*** Data for analysis ***

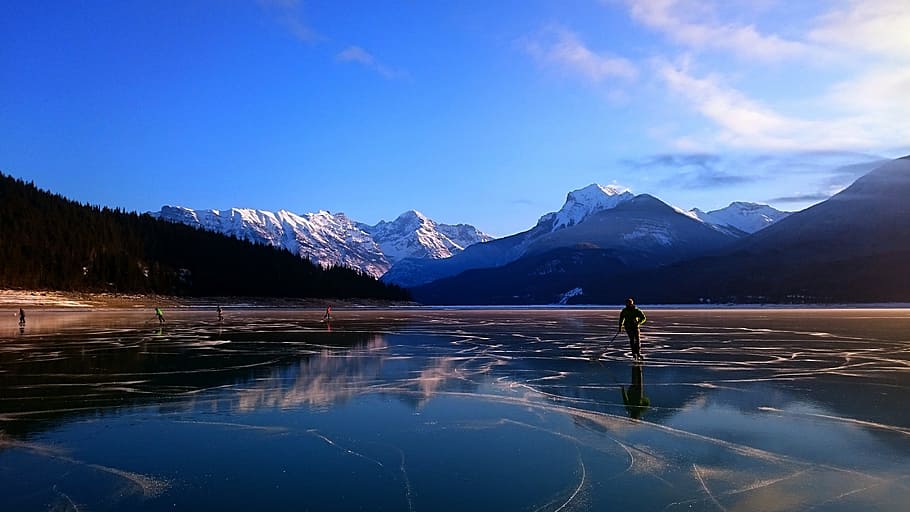 mountain, snow, nature, water, lake, outdoors, scenic, skating, winter, ice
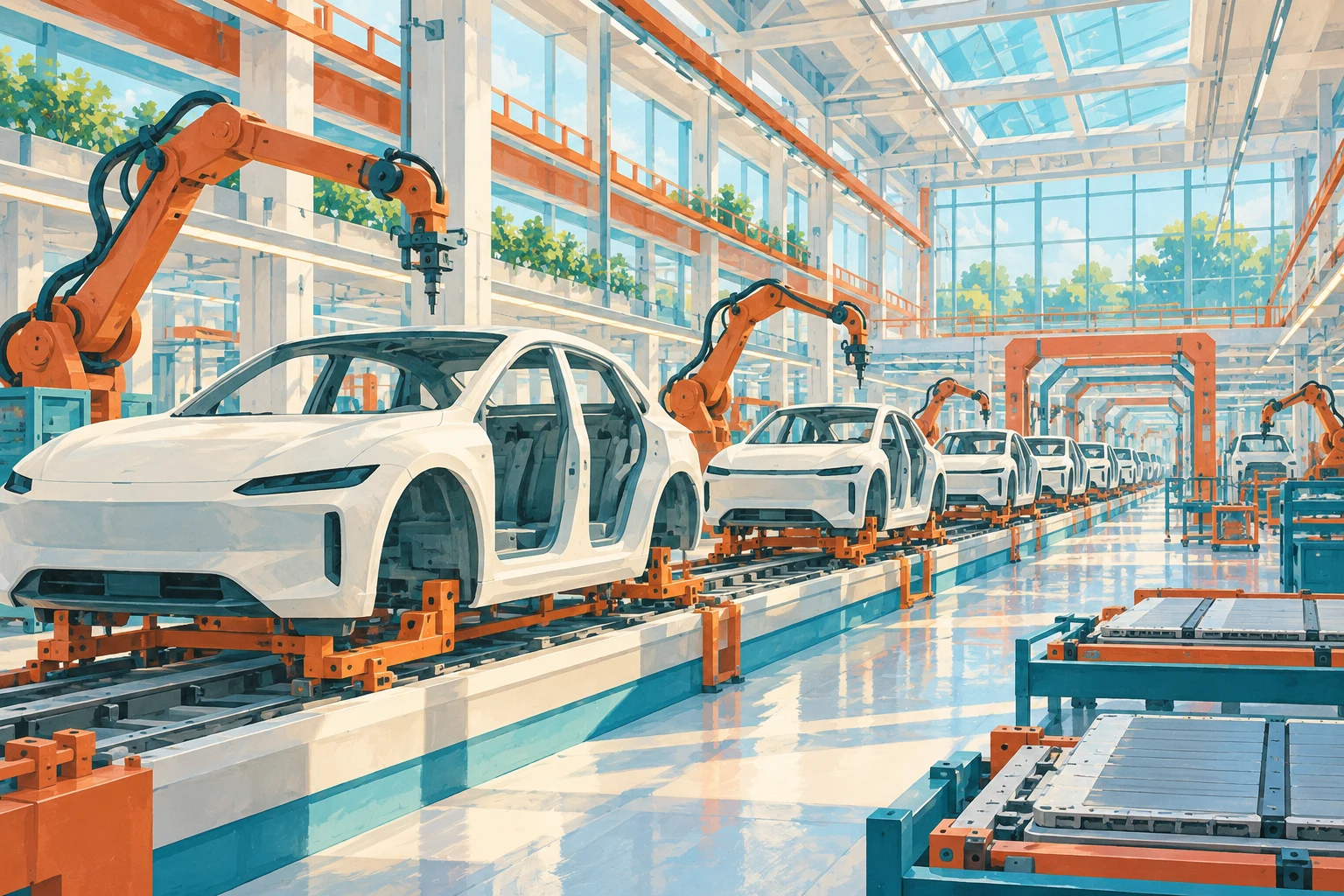 Fábrica de vehículos eléctricos completamente imaginaria en gouache; imagen IA sin representar Tesla, sus modelos o cifras reales.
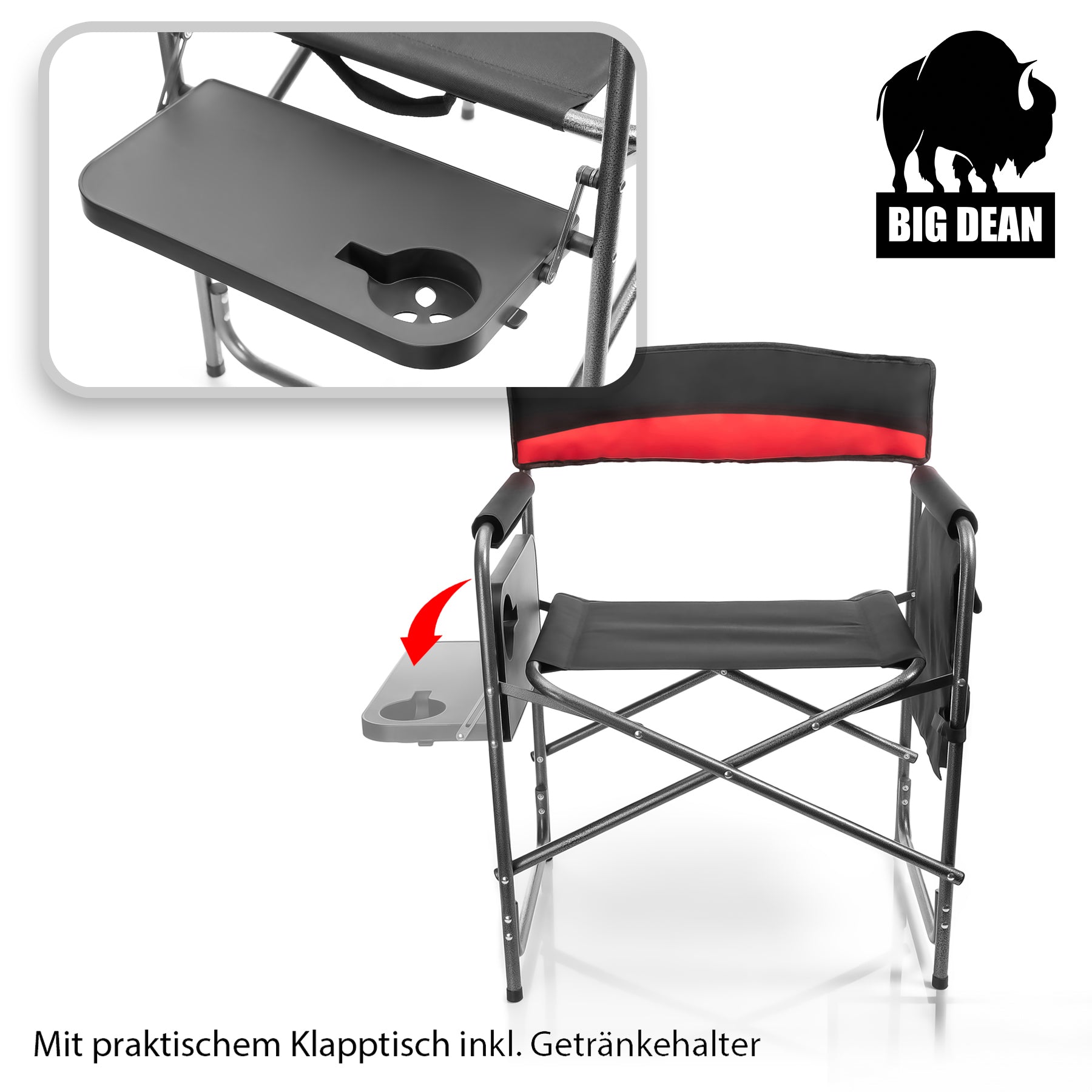 Komfort Campingstuhl in schwarz mit praktischem Klapptisch inkl. Getränkehalter – Camping Sessel 5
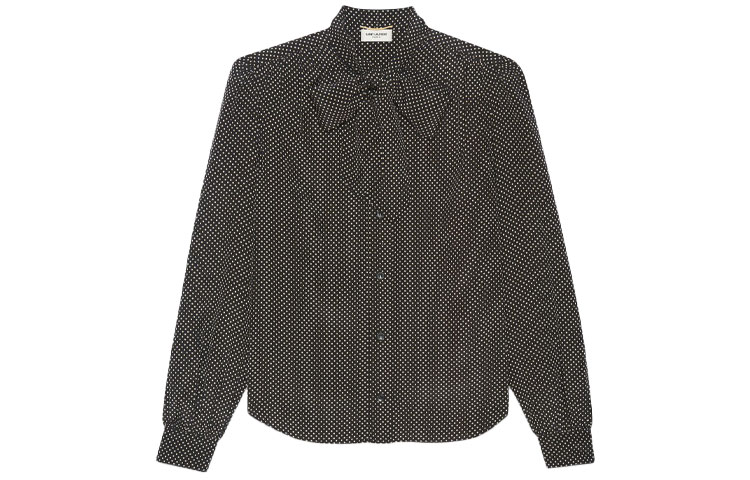 SAINT LAURENT Lavallière Neck Long Sleeved Blouse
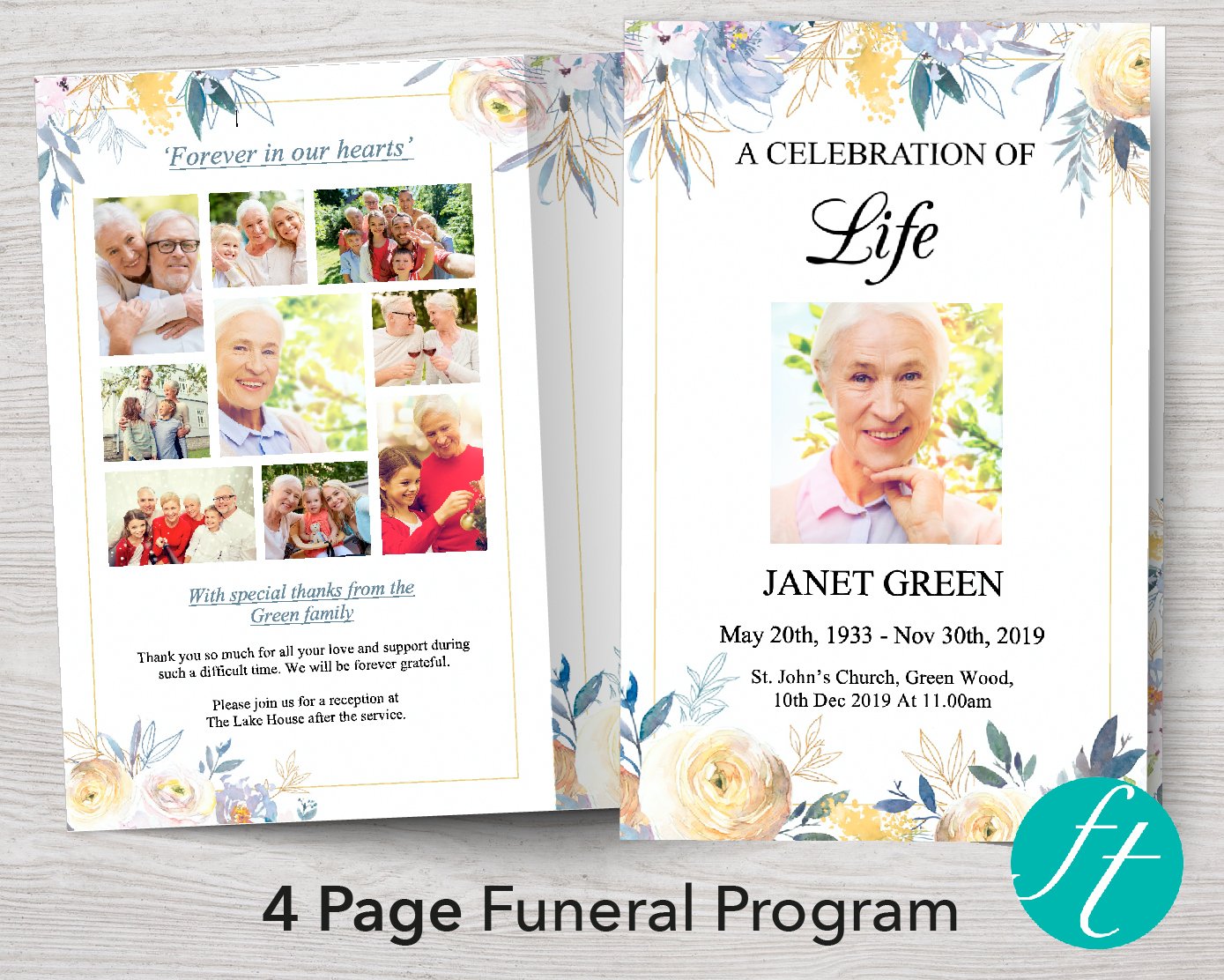 4 Page Spring Bouquet Funeral Program Template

*** End of Data for analysis ***

> **Exercise**
Reproduce the records above exactly, leaving out every picture they contain.

> **Exercise result**
 mountain, snow, nature, water, lake, outdoors, scenic, skating, winter, ice
 Fábrica de vehículos eléctricos completamente imaginaria en gouache; imagen IA sin representar Tesla, sus modelos o cifras reales.
 Komfort Campingstuhl in schwarz mit praktischem Klapptisch inkl. Getränkehalter – Camping Sessel 5
 SAINT LAURENT Lavallière Neck Long Sleeved Blouse
 4 Page Spring Bouquet Funeral Program Template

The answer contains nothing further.